Zero rating of delivery cost (no incremental charge, in the above examples), is simply a common media and content product pricing model. Though some insist on casting zero rating as an infraction of network neutrality, it is simply an accepted model for media products.

As some have argued, video entertainment services can be viewed as “managed services,” not “Internet” apps. By definition, managed services are not subject to network neutrality rules.

The other angle is that in zero rating video entertainment, AT&T shows its belief that its mobile network can handle the huge increase in consumed bandwidth. And if the mobile network can handle entertainment video, it can handle all the other conceivable media types.

If the mobile network can handle all the media types, and former bandwidth restrictions are not impediments, then mobile increasingly will be a viable substitute for the fixed network.

AT&T Believes Default Future Architecture is Wireless

Just in case you were wondering whether tier-one service providers such as Verizon and AT&T actually believe they can use fixed wireless and mobile services to compete directly with fixed networks--including optical fiber directly to the premises--consider what AT&T CEO Randall Stephenson recently said at an investor conference.

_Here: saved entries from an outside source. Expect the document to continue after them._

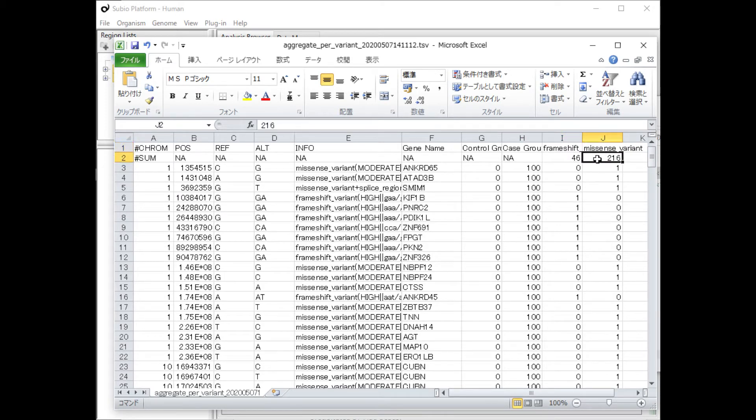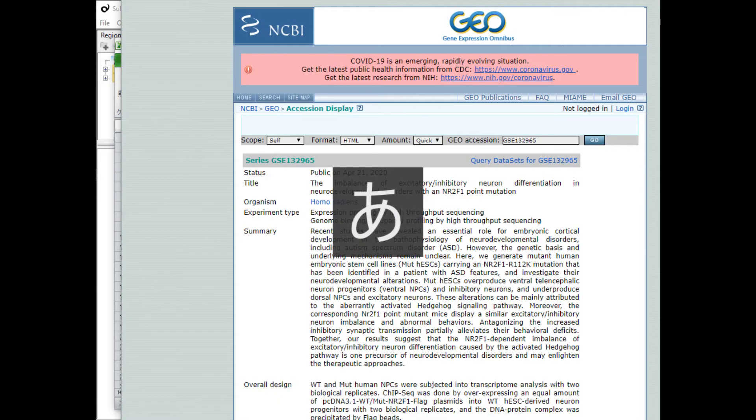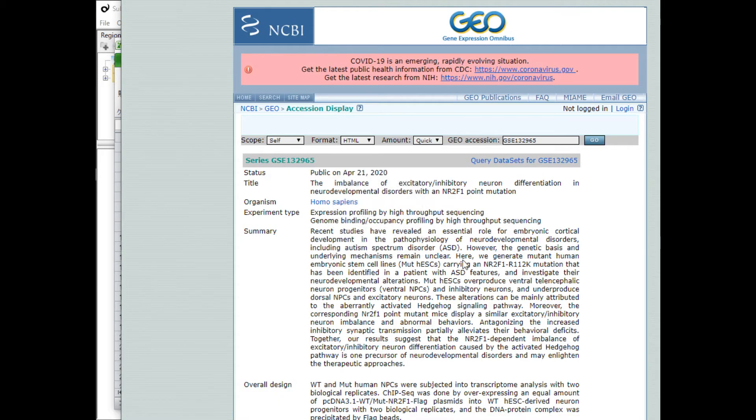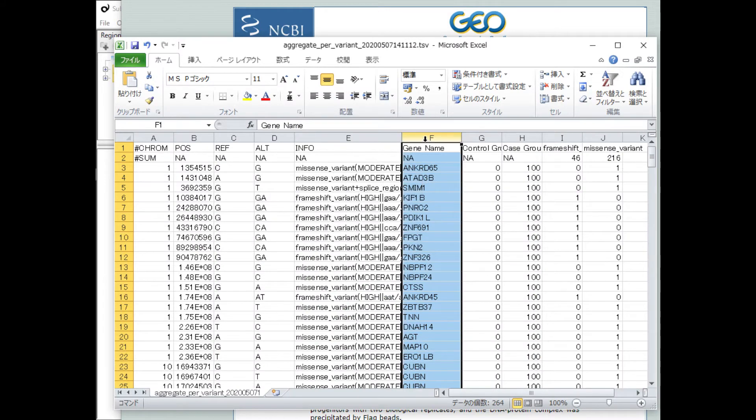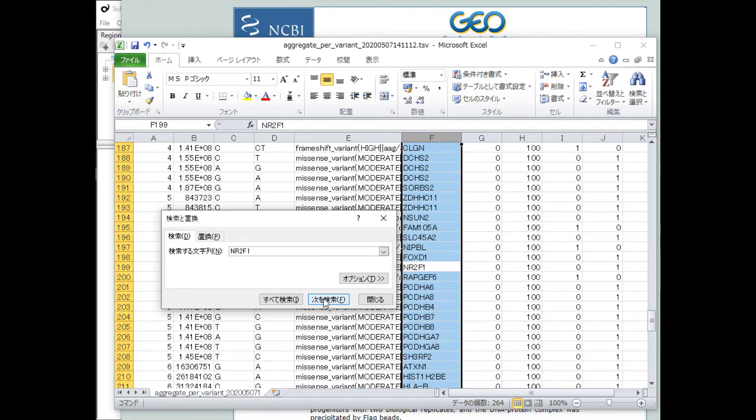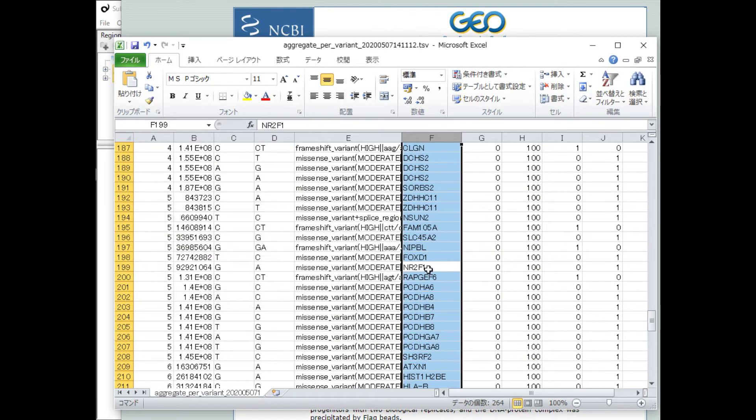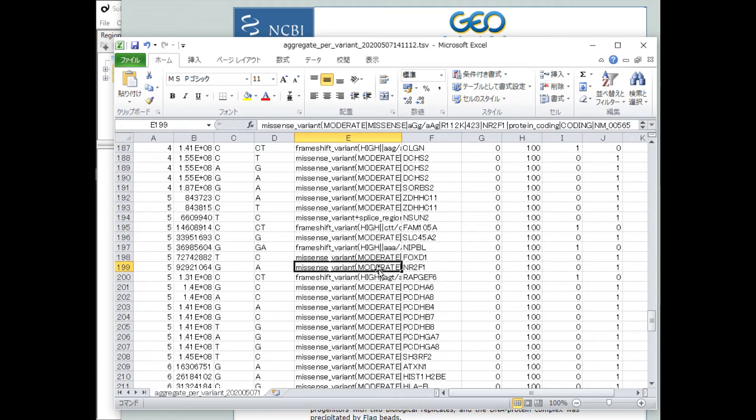I'll try to find out if the gene that originally carried the mutation is listed correctly. As expected, the NR2F1 gene was found. Also, there are more than 200 unexpected genes with missense and frameshift variations.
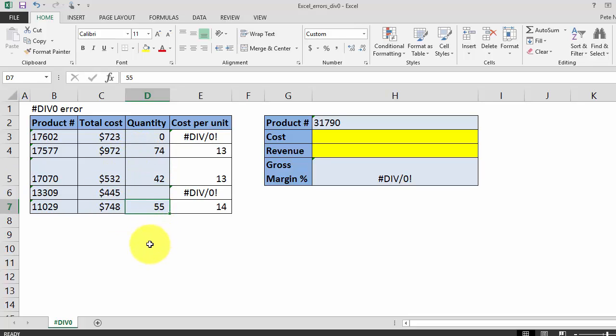And in this second instance, we're getting a div zero error because we're dividing this total cost by a blank cell. So Excel interprets blank cells as zero and will return a div zero error when the cell is blank.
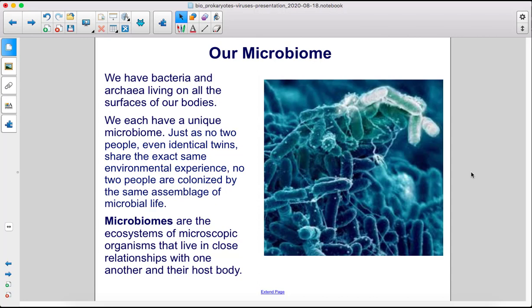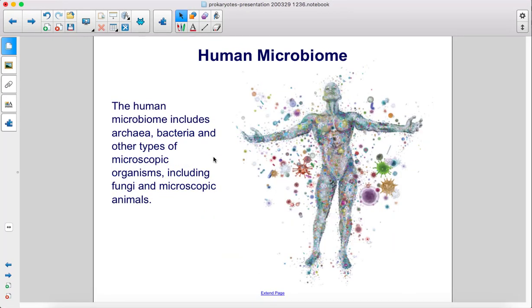Microbiomes are the ecosystems of microscopic organisms that live in close relationships with one another and their host body. The human microbiome includes archaea, bacteria, and other types of microscopic organisms, including fungi and microscopic animals.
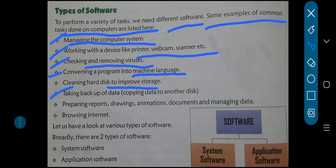Next, taking backup of data. Jo bhi data humare computers mein na, uska humesha hum log backup rakhte hain — copying to another disk. Ek computer mein, maan lijiye aapke computer mein kuch important data hai, kuch bhi ho sakta hai. Mishandling ho gaya, virus infected ho gaya aapka computer, toh kya hoga — woh saari data aapke vanish ho jayengi. Toh hum log kya karte hain? Kuch log some other hard disk mein save karte hain, ya phir pen drives mein bhi hum log data store karke save karke rakhte hain, so that future use mein kaam aayega.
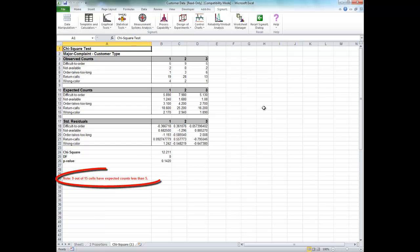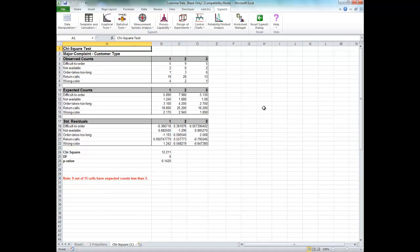Note that if more than 20% of fitted cells are sparse, that is cells whose expected value is less than 5, consider collecting more data, consolidation of levels, or removal of columns.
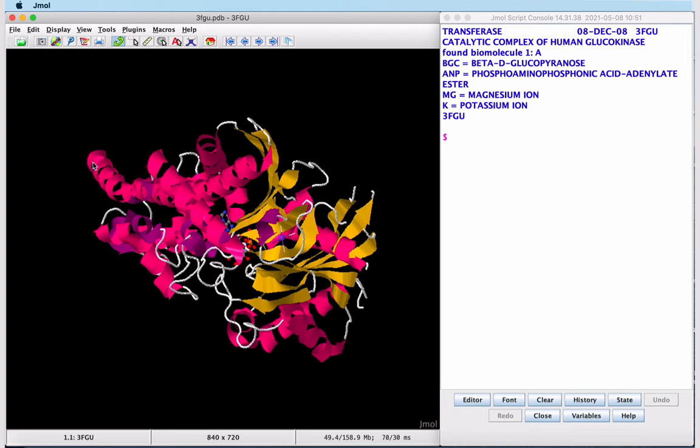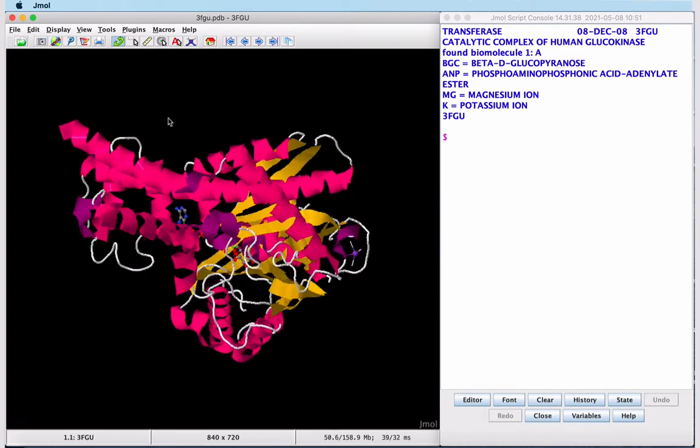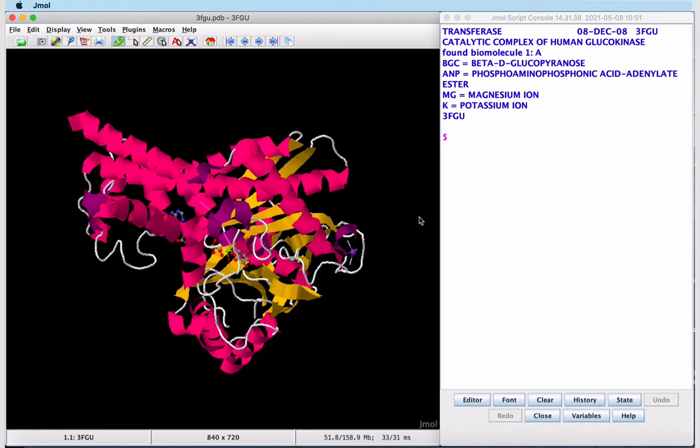When we mouse over anything in the structure, its identity pops up. All but one of the ligands are in the center of the protein. This one on the periphery, if we hover over it, we see the letter K and identify this as the potassium ion.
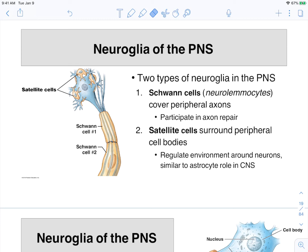The neural glia of the peripheral nervous system includes the Schwann cells and the satellite cells. I don't test on the satellite cells very often, but I want to mention what they are. They are a collection of cell bodies found in the peripheral nervous system. What they do is surround these cell bodies and protect them — you can actually see these satellite cells out here, and this entire cell body would be surrounded by them.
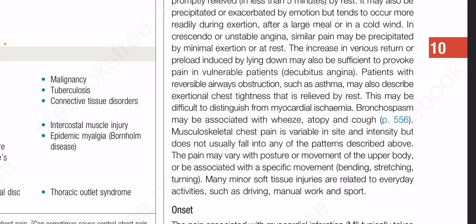In crescendo or unstable angina, similar pain may be precipitated by minimal exertion or at rest. The increase in venous return or preload induced by lying down may also be sufficient to provoke pain in vulnerable patients, which is called decubitus angina. Patients with reversible airways obstruction such as asthma may also describe exertional chest tightness that is relieved by rest. This may be difficult to distinguish from myocardial ischemia. Bronchospasm may be associated with wheeze, atopy and cough.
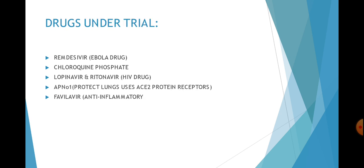Next we are going to discuss some drugs which are under trial. First one is Remdesivir. It was basically a drug which was developed for the treatment of Ebola virus. Currently two studies are being conducted in China and one study is being conducted in America about this drug's effectiveness and the results are really good.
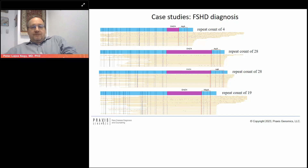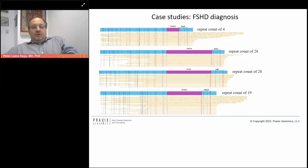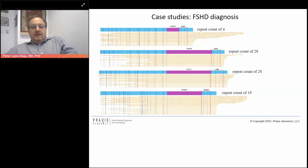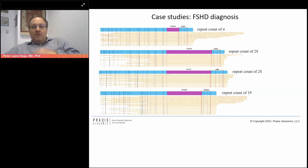Another important usage of optical genome mapping is FSHD analysis, where it can beautifully size the D4Z4 repeats labeled in purple and determine whether it's a polyadenylatable allele — 4QA versus 4QB — as the distance between labels differs between the two. It can also clearly distinguish whether the repeat is on chromosome 10 or chromosome 4, with the top three examples from chromosome 4 and the bottom one from chromosome 10, showing different patterns of the marks.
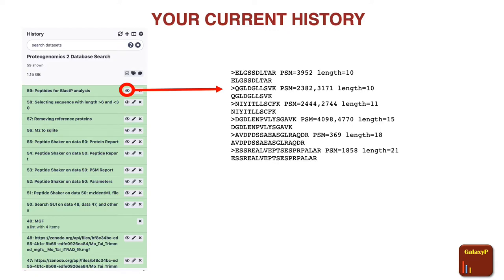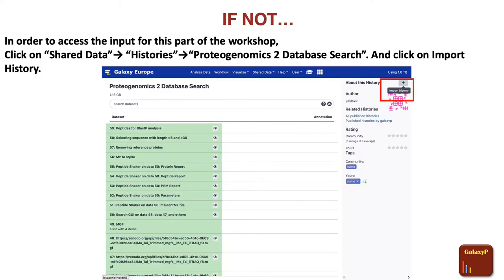If you have completed the second tutorial of proteogenomics, this would be your current history. It will have all the tools that you have run and the last output should be the peptides for BLAST analysis. This is how the output should look — you're left with the FASTA file that has to go through the BLAST-P analysis. If you do not have that file, do not worry, we have already shared this information with you. Go to shared data, click on histories, and go to the Proteogenomics 2 database search and import this history.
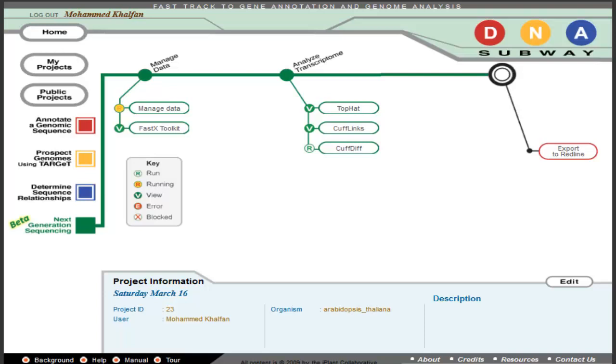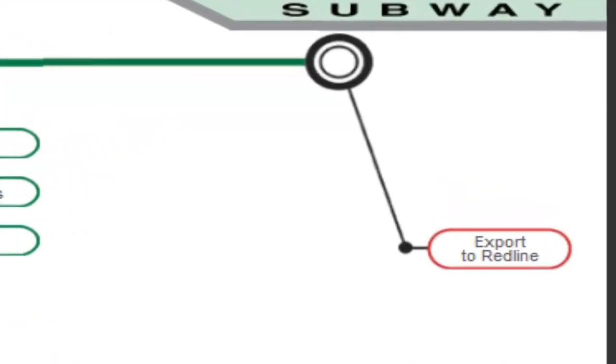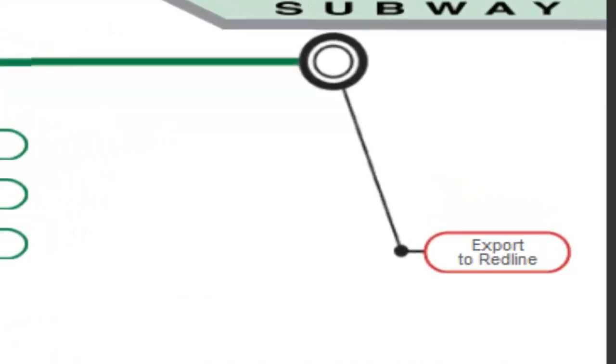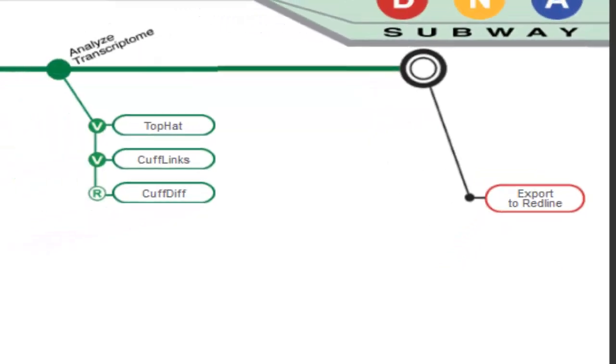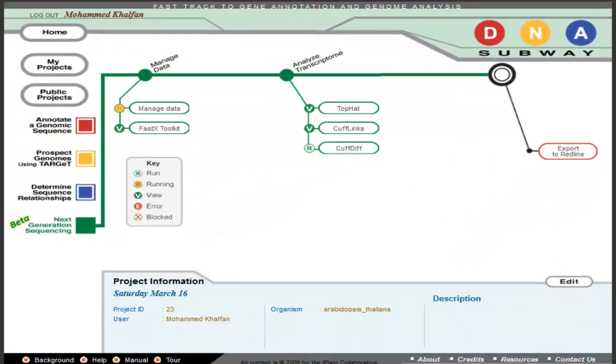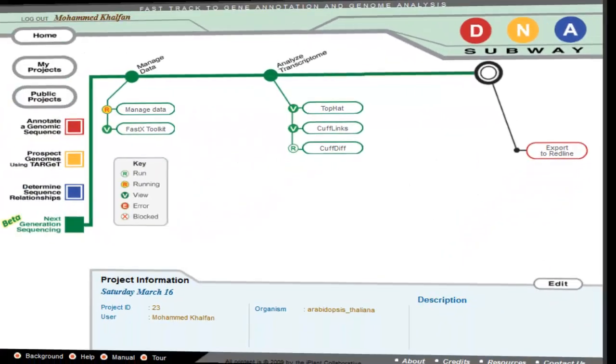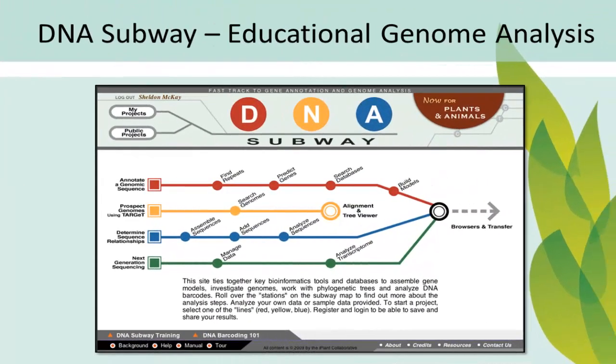Finally, the results of your analysis can be exported to the red line, where RNA-Seq data can be used as a class of evidence in annotating genes. DNA Subway, a smooth ride to RNA-Seq analysis.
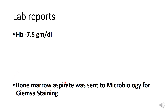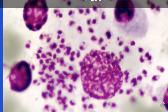So, bone marrow aspirate was sent to the Microbiology for Giemsa staining. On Giemsa staining in Microbiology Department, the picture was like this. These are amastigote forms of Leishmania parasite along with mononuclear cells, large mononuclear cells.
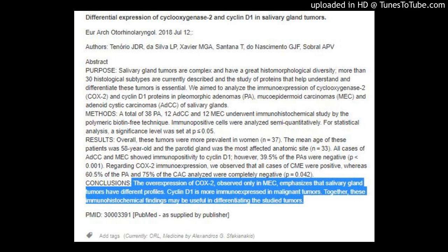Results: Overall, these tumors were more prevalent in women (N=37). The mean age of these patients was 58 years old, and the parotid gland was the most affected anatomic site (N=33). All cases of ADCC and MEC showed immunopositivity to Cyclin D1; however, 39.5% of the PAs were negative (P=0.001).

“Our default or target network architecture in the long run is wireless,” he said. “We think that's where we need to be.”

But what about fiber to the premises? “ Obviously fiber is going to be important for several years,” Stephenson said. Of course that will be the case, in enterprise, backhaul and wholesale settings in particular.

But that is not the key point. AT&T might be wrong, but it actually believes wireless will do the job.

“But as we look out in a world of 5G our target architecture is a wireless architecture,” he said.

Fortune 500 CEOs are a sober lot, not given to flippant remarks when speaking in investor forums. So that is a significant statement.

So that little tidbit is instructive. It will bother some in the ecosystem. Many will doubt the shift to wireless is going to be easy, or even possible. But many of us would not bet against the premise.

There simply is too much development effort, too much new technology, too much new spectrum coming and too clear a need for lower infrastructure and operating costs, for that shift to wireless not to be attempted.